** Opening Data for this task block **

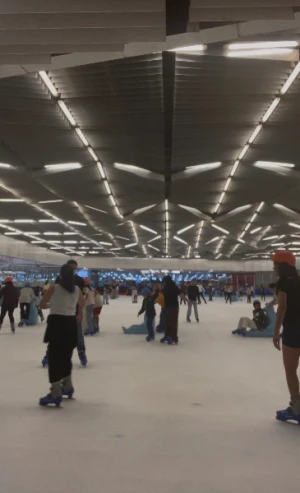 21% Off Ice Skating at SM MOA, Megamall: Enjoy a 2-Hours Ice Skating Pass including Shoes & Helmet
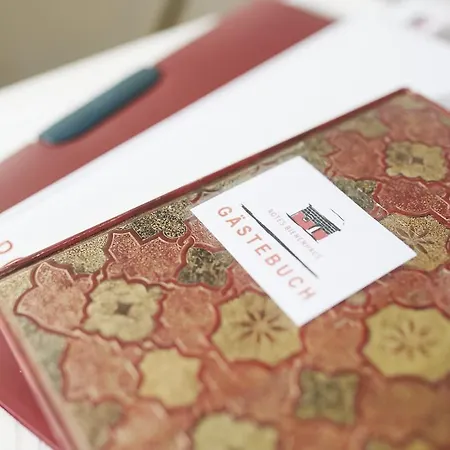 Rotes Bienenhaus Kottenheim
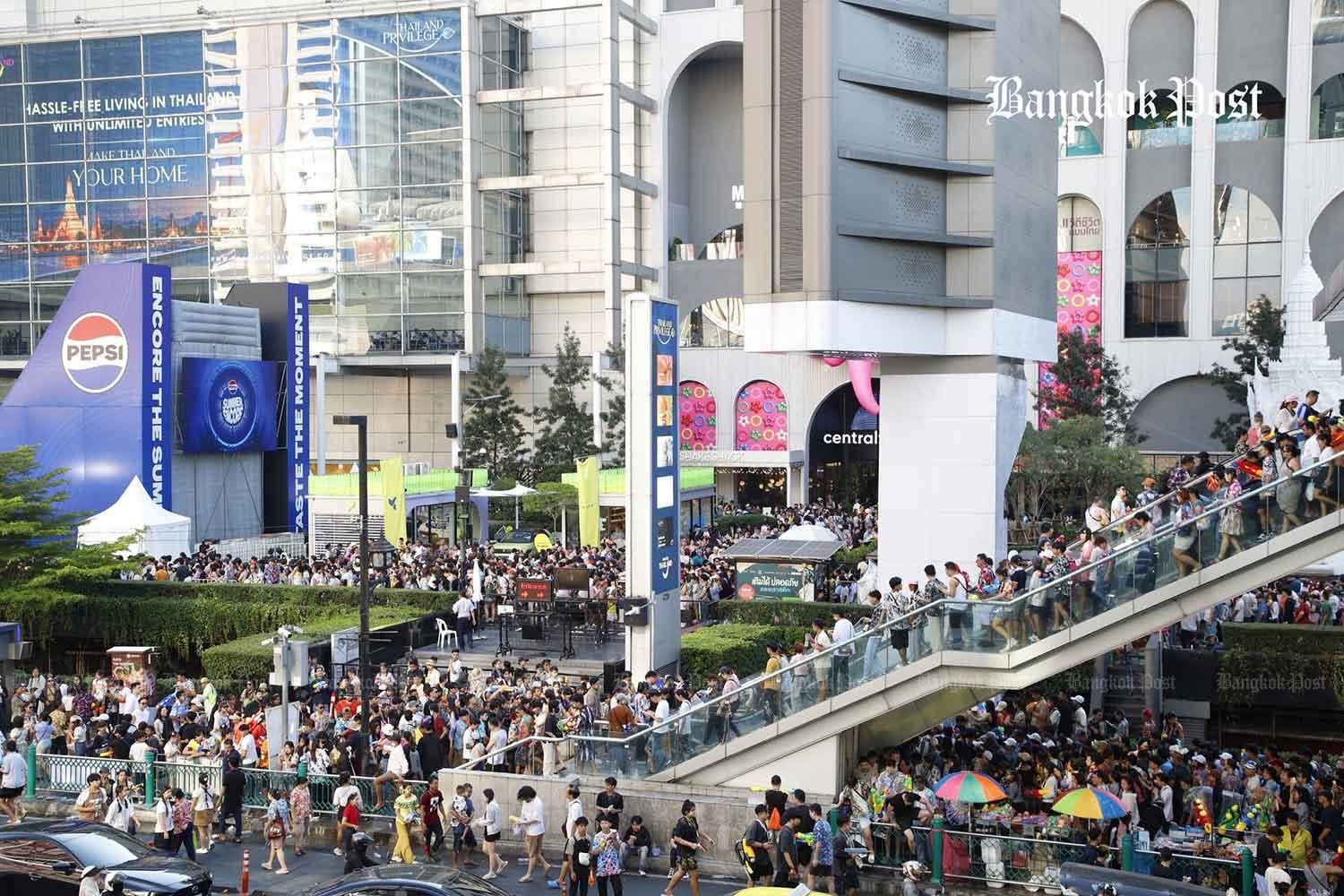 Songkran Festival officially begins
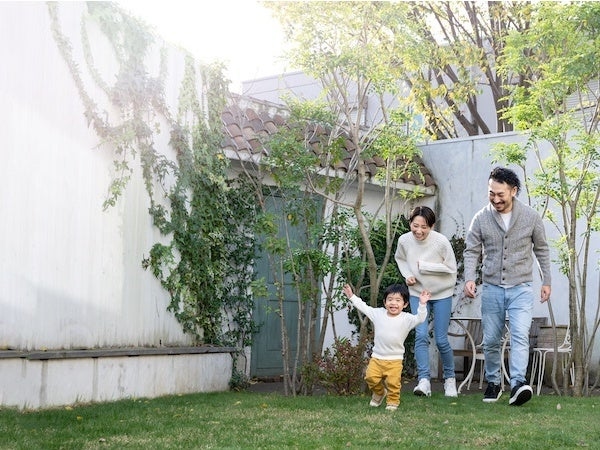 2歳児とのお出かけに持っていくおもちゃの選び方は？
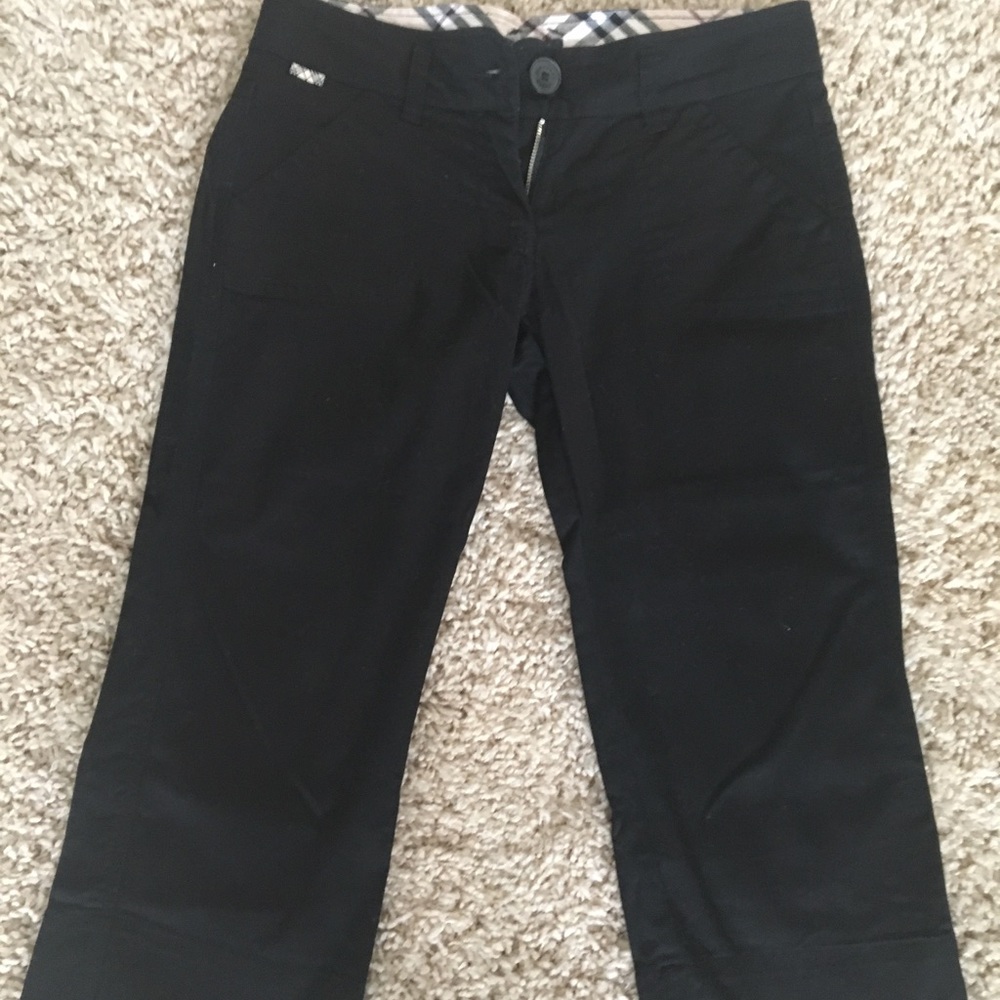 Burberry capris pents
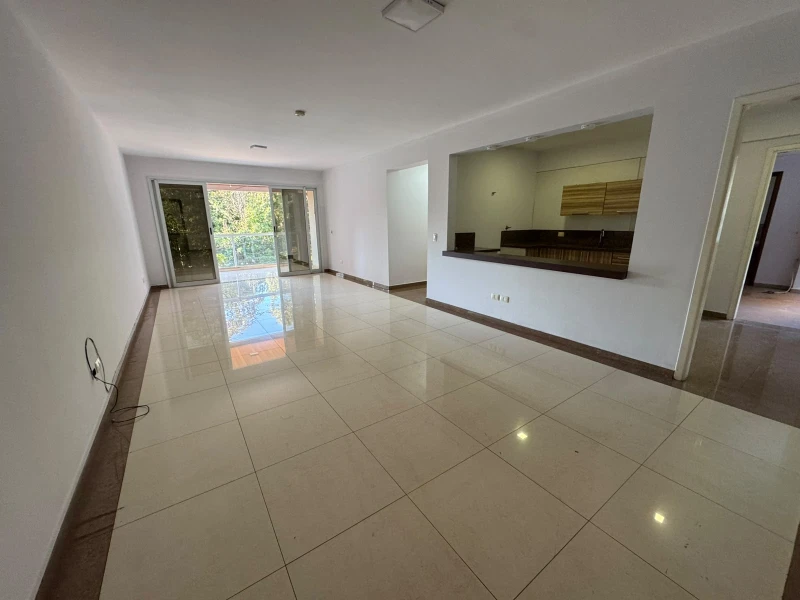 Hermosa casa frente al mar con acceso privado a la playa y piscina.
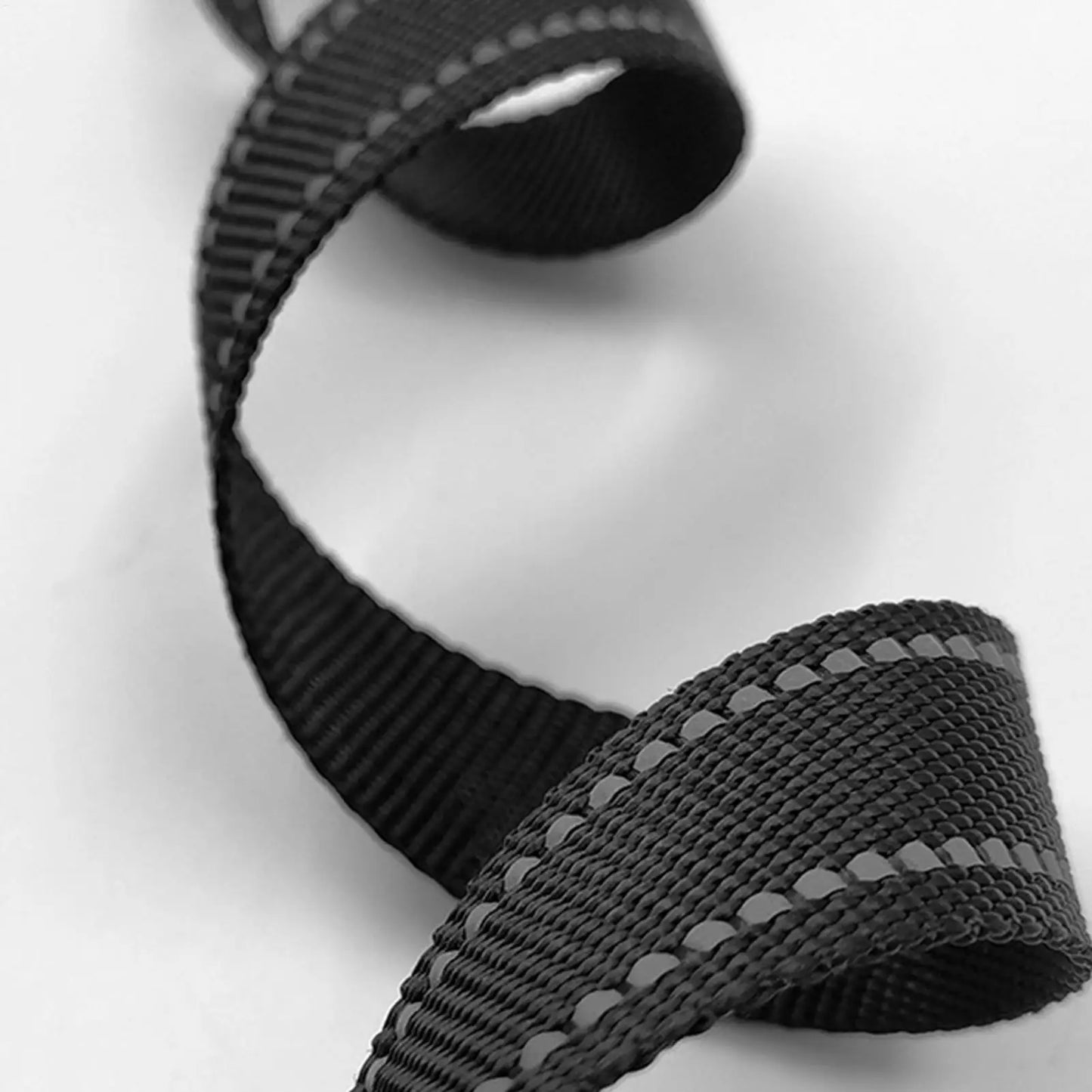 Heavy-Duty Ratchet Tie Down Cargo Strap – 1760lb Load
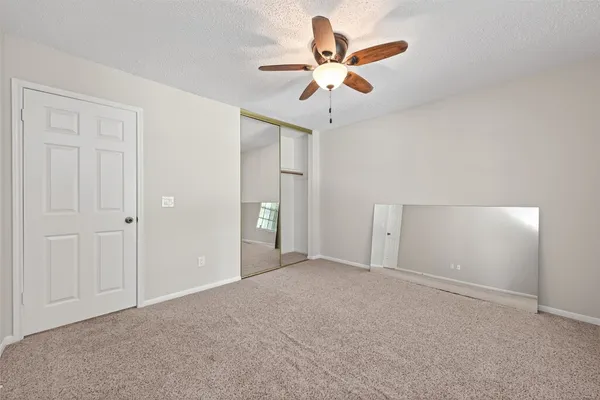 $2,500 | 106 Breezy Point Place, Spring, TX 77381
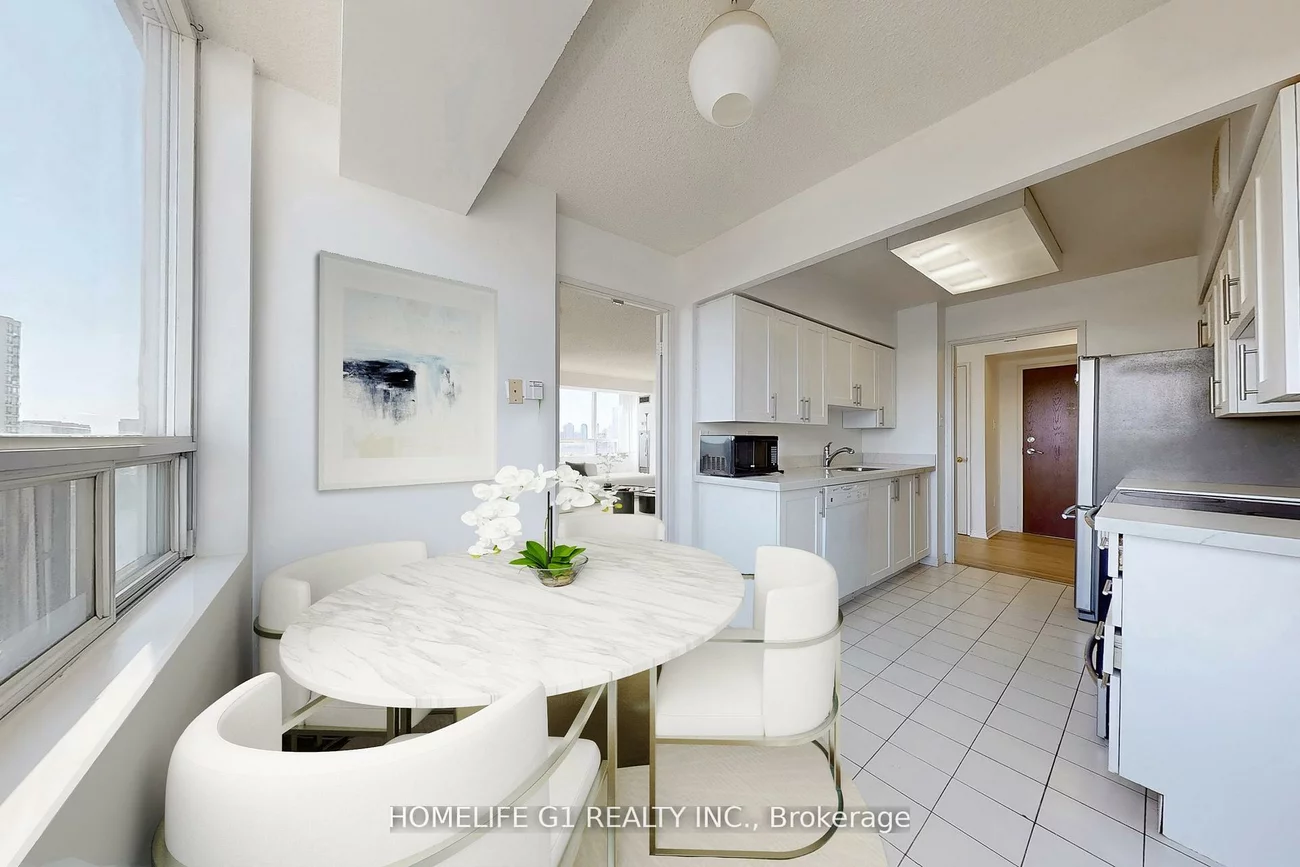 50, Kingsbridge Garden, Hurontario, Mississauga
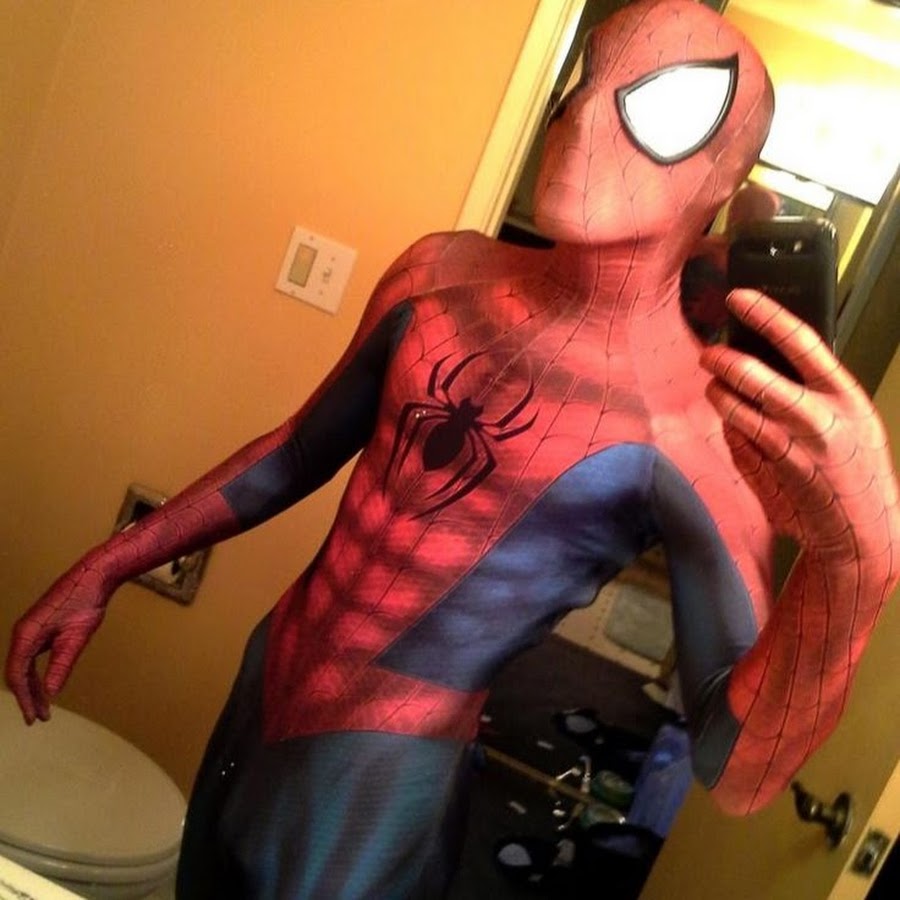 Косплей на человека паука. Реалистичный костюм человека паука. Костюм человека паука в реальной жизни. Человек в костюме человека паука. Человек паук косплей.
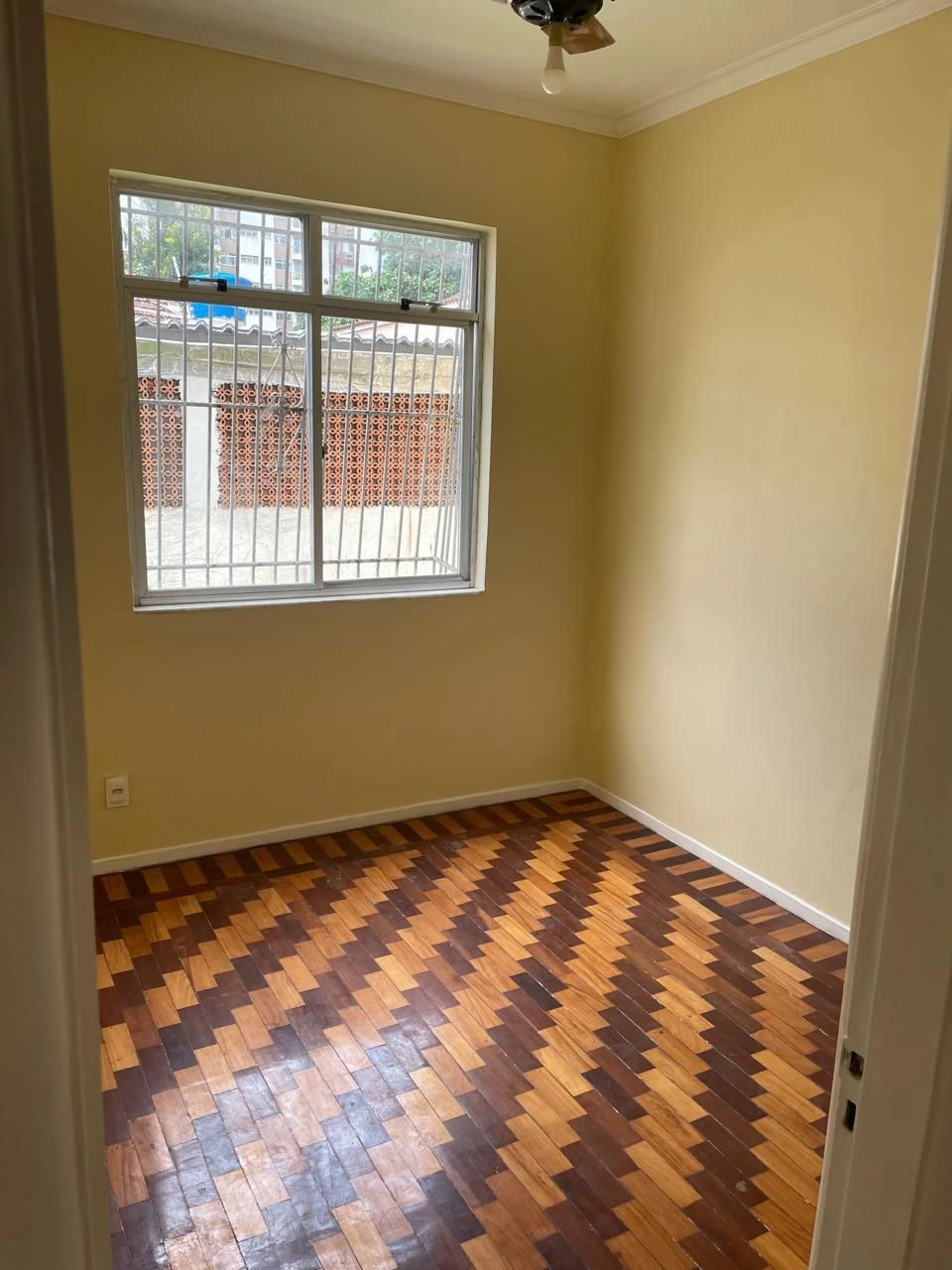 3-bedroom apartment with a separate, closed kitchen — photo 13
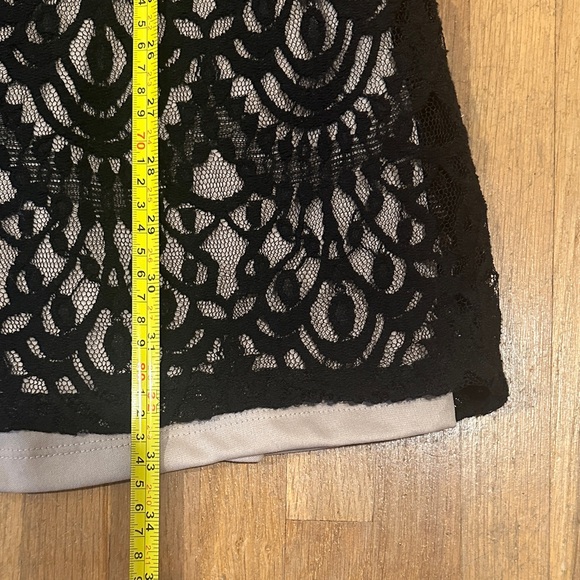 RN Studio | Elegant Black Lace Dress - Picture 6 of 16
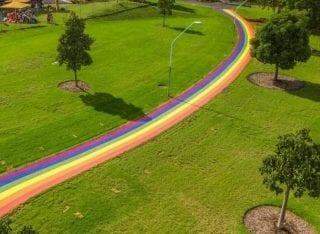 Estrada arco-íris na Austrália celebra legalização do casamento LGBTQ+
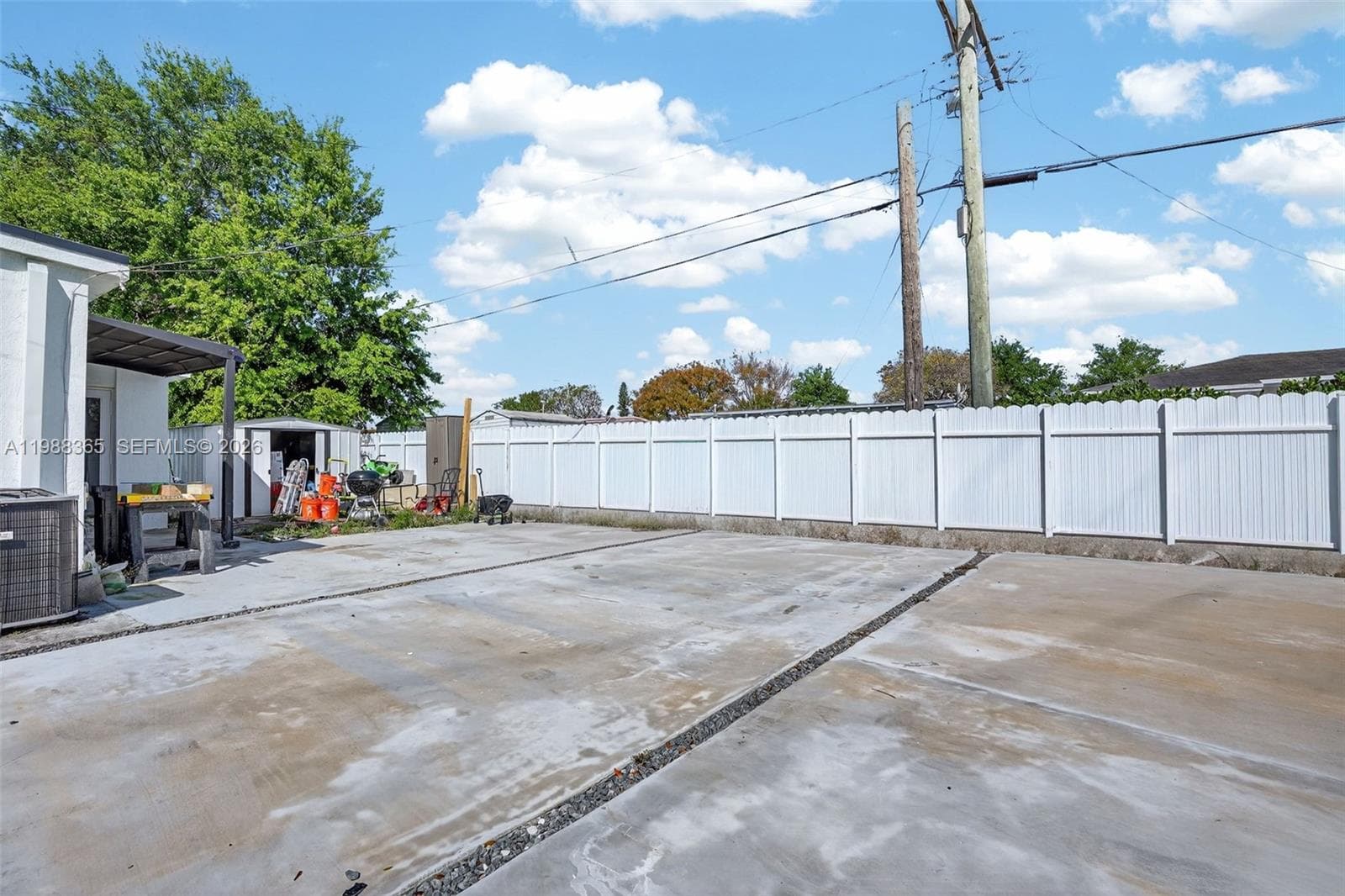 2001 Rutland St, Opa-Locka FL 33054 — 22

** Closing Data for this task block **

▸ What to do: Pictures do not belong in the copy. Repeat exactly each line from the one with "Songkran Festival officially begins" through the end of the listing.

▸ Task result:
 Songkran Festival officially begins
 2歳児とのお出かけに持っていくおもちゃの選び方は？
 Burberry capris pents
 Hermosa casa frente al mar con acceso privado a la playa y piscina.
 Heavy-Duty Ratchet Tie Down Cargo Strap – 1760lb Load
 $2,500 | 106 Breezy Point Place, Spring, TX 77381
 50, Kingsbridge Garden, Hurontario, Mississauga
 Косплей на человека паука. Реалистичный костюм человека паука. Костюм человека паука в реальной жизни. Человек в костюме человека паука. Человек паук косплей.
 3-bedroom apartment with a separate, closed kitchen — photo 13
 RN Studio | Elegant Black Lace Dress - Picture 6 of 16
 Estrada arco-íris na Austrália celebra legalização do casamento LGBTQ+
 2001 Rutland St, Opa-Locka FL 33054 — 22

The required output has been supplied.